The Holidays Are a Time for Traditions, and Breaking Them
Teen Editorial Staff December 2022 Editorial
Written by Teen Editorial Staff Members Aamina Mughal and Kyle Gerstel
As we enter the depths of winter and the holiday season, art in Seattle is picking up a familiar festive theme—with a twist, of course. Tradition connects us to our heritage and identity, but it can also feel limiting. The ability to evolve traditions and create something new and interesting for the present is and has always been integral to art. Rest assured, there will be plenty of opportunities to revisit and reconstruct our favorite holiday classics this December.
Seattle Public Theater is bringing a Christmas classic to the mix with a revival of their A Very Die Hard Christmas, running from December 3 — 30. Similarly, A Very Drunken Christmas Carol is coming back to the Seattle Opera after a sold-out run in the 2021 season.
Town Hall and Seattle Sacred Music and Arts presented Jovino Santos Neto Quinteto on December 3. The fusion of Traditional Brazilian Music and Jazz uses the traditional to highlight what the future could look like. The group’s style is characterized by “energetic grooves, deep harmonies, telepathic improvisation, lyrical melodies, and great ensemble playing— always inspired and informed by the colorful richness of Brazilian music” (Town Hall).
Finding contemporary relations to the past, the Burke Museum presents Body Language: Reawakening Cultural Tattooing of the Northwest. The exhibit explores the Indigenous practices around tattooing and how those traditions are being brought back, resisting generations of cultural erasure.
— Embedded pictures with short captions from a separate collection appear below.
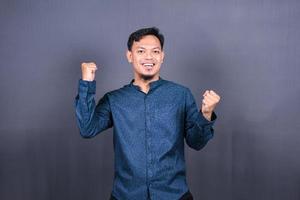 Young handsome man with blue shirt over gray background very happy and excited doing winner gesture with arms raised, smiling and screaming for success. Celebration photo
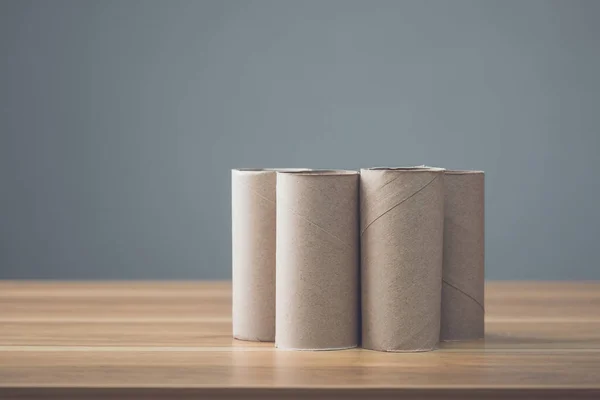 Pile Brown Paper Tissue Cores Wooden Table Grey Wall Background — Stock Photo, Image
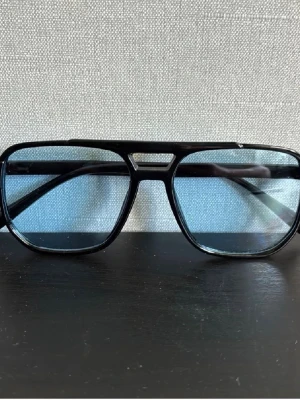 Svarta pilotbågar med blåtonade glas - Snygga solglasögon med klassisk pilotform och svarta bågar i plast. Glasen är gröntonade och ger en cool retrovibe. Perfekta för dig som vill sticka ut med en stilren accessoar till sommaren. Hör av dig vid minsta fundering!🤩💯 diskutera pris vid snabb och enkel affär👑👑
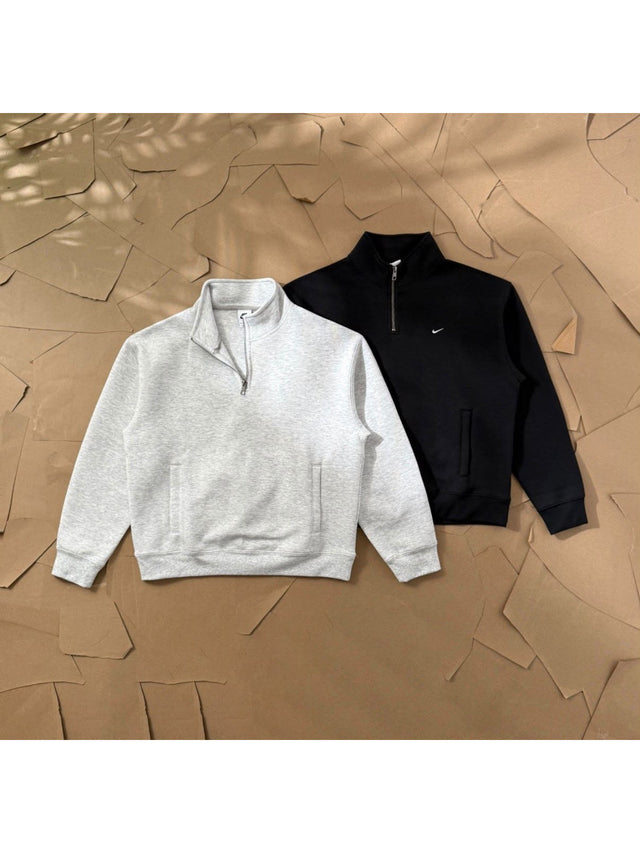 Buzo Nike de medio cierre blanco o negro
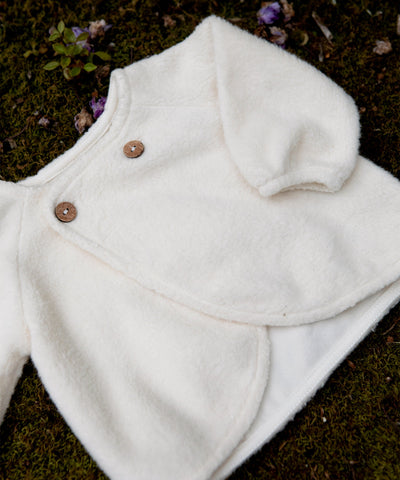 close up of the material of the beige jacket/sweater with button closure. 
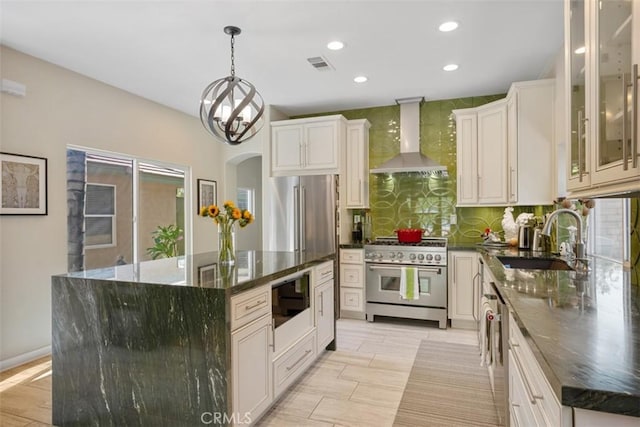 kitchen featuring white cabinets, wall chimney exhaust hood, high end appliances, and a kitchen island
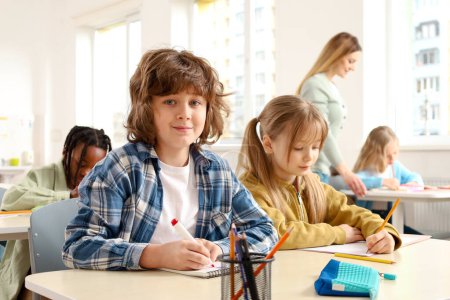 Photo for Happy boy sitting at the desk next to his classmate while teacher helping pupils on the background. Education, learning and people concept - Royalty Free Image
Everything was beautiful and nothing hurt draws inspiration from Kurt Vonnegut’s Slaughterhouse-Five to tell stories of loss and trauma. Seattle Arts and Lectures hosted another artistic and literary great with Patti Smith: In Person and Online as Smith continues with her tour for A Book of Days. This month, we’re highlighting art that reveres, revisits, and reinvents the past for a more culturally profound and compassionate world.